Short text fragments from websites:
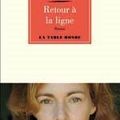 "Retour à la ligne" de Julie Jézéquel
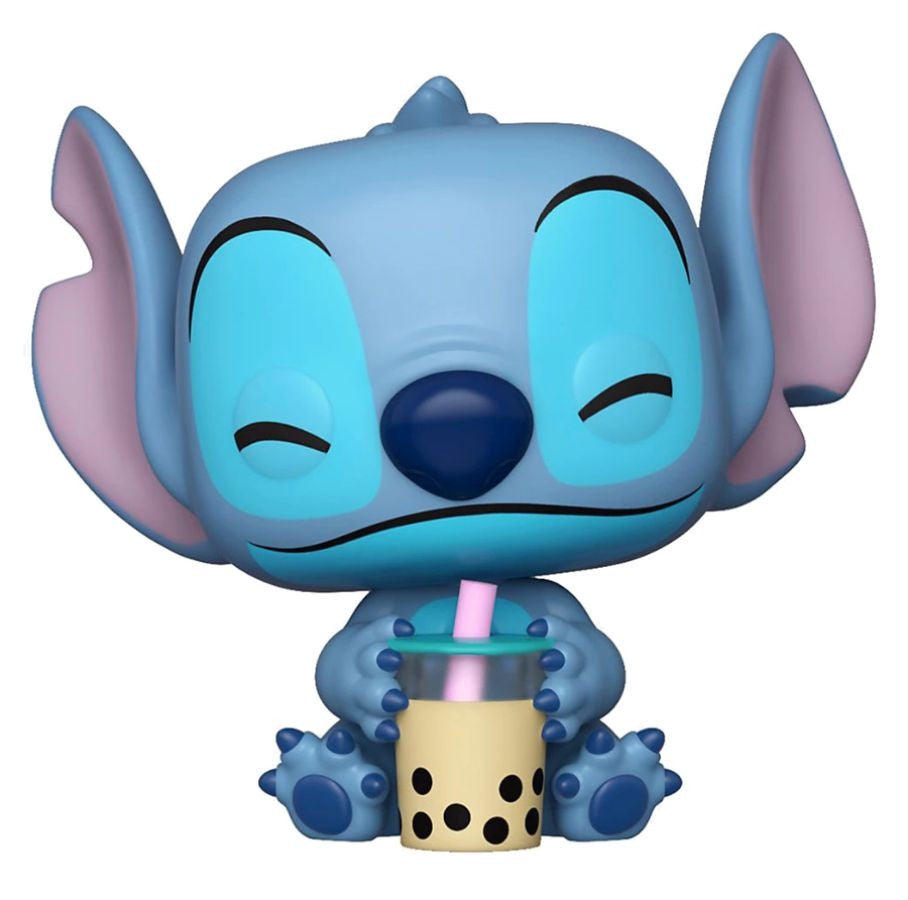 POP! DISNEY: LILO AND STITCH: STITCH WITH BOBA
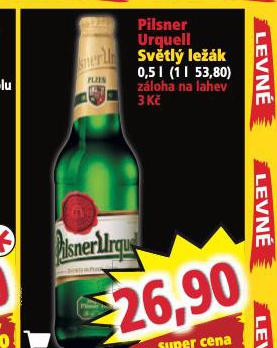 PIVO PILSNER URQUELL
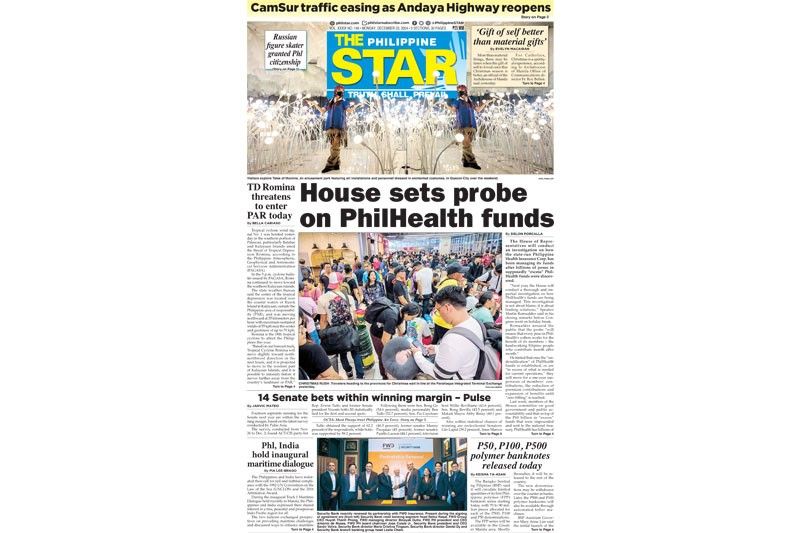 The STAR Cover (December 23, 2024)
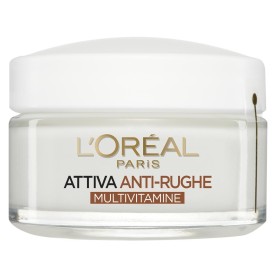 L’Oréal Paris Crema Viso Giorno E Notte Attiva Anti-Rughe 65+, 50 Ml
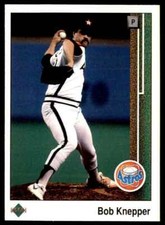 1989 Upper Deck Bob Knepper Houston Astros #422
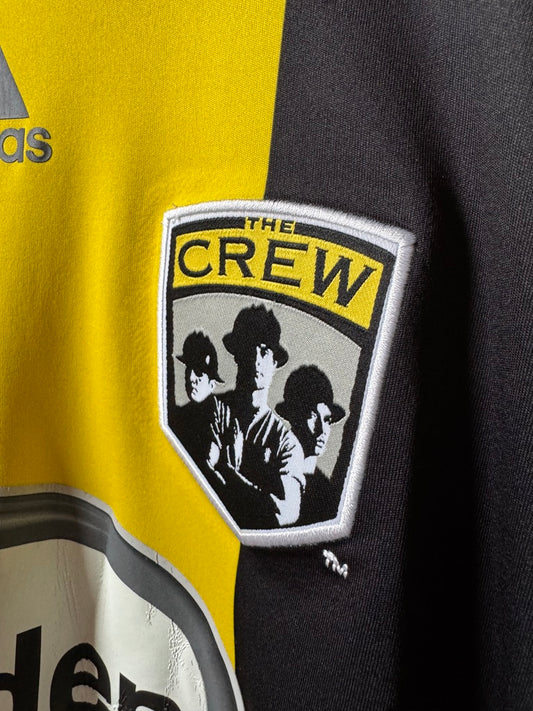 Columbus Crew 2008/10 Away Longsleeve Shirt | Retro Screamers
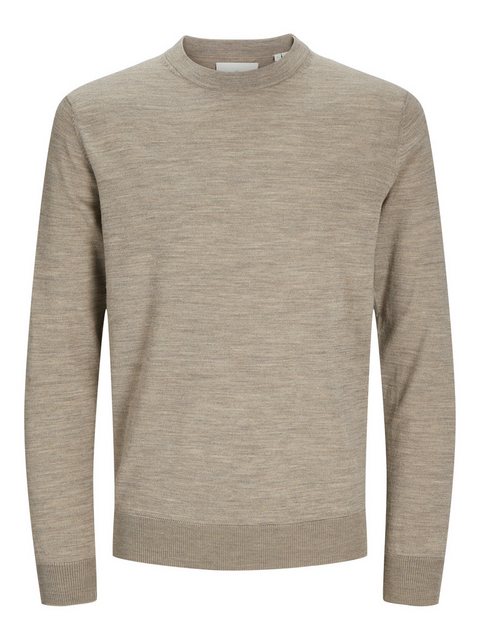 Jack & Jones Strickpullover JPRCCMERINO KNIT CREW NECK günstig online kaufen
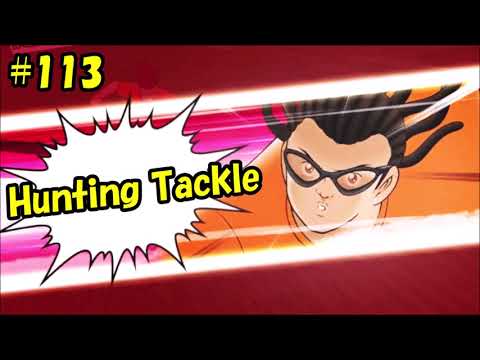 Captain Tsubasa Skill - Hunting Tackle (Davi) #113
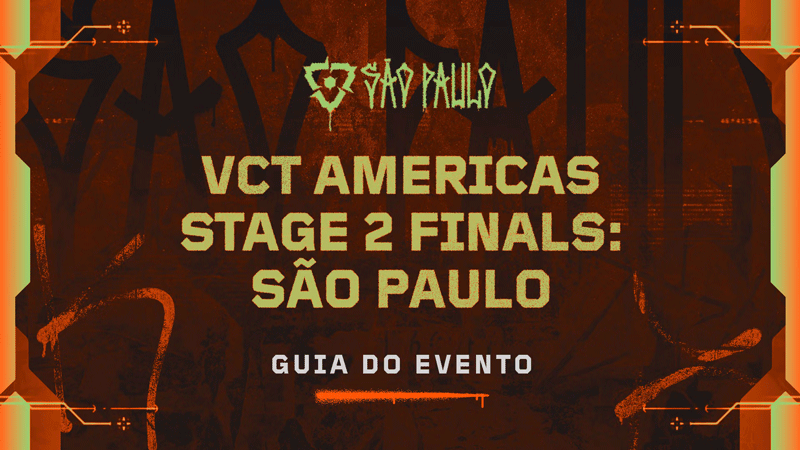 VCT Americas Stage 2 Finals 2026 to Take Place in São Paulo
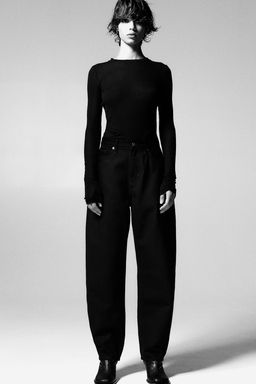 Barrel High Jeans - H&m фото 2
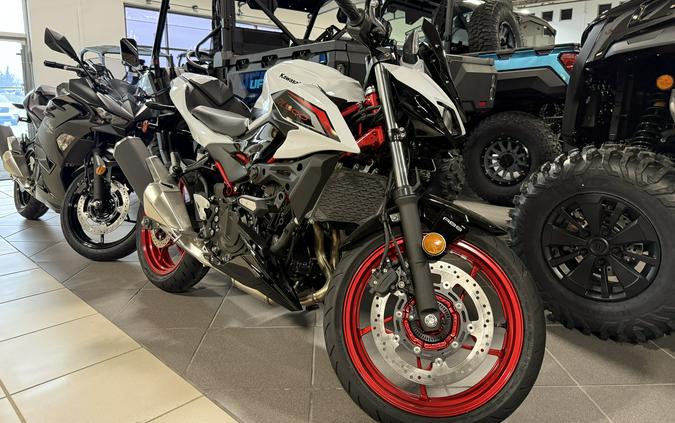 2026 Kawasaki Z500 SE ABS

**Task to carry out**
The entries above, every one of them, should be retyped exactly, with no pictures carried over.

**Response to the exercise**
 "Retour à la ligne" de Julie Jézéquel
 POP! DISNEY: LILO AND STITCH: STITCH WITH BOBA
 PIVO PILSNER URQUELL
 The STAR Cover (December 23, 2024)
 L’Oréal Paris Crema Viso Giorno E Notte Attiva Anti-Rughe 65+, 50 Ml
 1989 Upper Deck Bob Knepper Houston Astros #422
 Columbus Crew 2008/10 Away Longsleeve Shirt | Retro Screamers
 Jack & Jones Strickpullover JPRCCMERINO KNIT CREW NECK günstig online kaufen
 Captain Tsubasa Skill - Hunting Tackle (Davi) #113
 VCT Americas Stage 2 Finals 2026 to Take Place in São Paulo
 Barrel High Jeans - H&m фото 2
 2026 Kawasaki Z500 SE ABS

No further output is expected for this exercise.